*WHAT THE EXERCISE ASKS*
Among the records that follow, set down only the lines from the one containing "Zucchetti Agora Przełącznik" to the one containing "Fogão continental 4", both included, exactly.

*RECORDS FOR THIS EXERCISE*
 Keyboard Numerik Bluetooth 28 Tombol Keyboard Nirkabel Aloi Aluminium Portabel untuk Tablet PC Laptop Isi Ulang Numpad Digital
---
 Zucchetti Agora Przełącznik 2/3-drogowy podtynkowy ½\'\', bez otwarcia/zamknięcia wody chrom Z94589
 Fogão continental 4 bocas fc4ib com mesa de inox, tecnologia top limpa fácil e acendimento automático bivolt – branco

*TASK SOLUTION*
 Zucchetti Agora Przełącznik 2/3-drogowy podtynkowy ½\'\', bez otwarcia/zamknięcia wody chrom Z94589
 Fogão continental 4 bocas fc4ib com mesa de inox, tecnologia top limpa fácil e acendimento automático bivolt – branco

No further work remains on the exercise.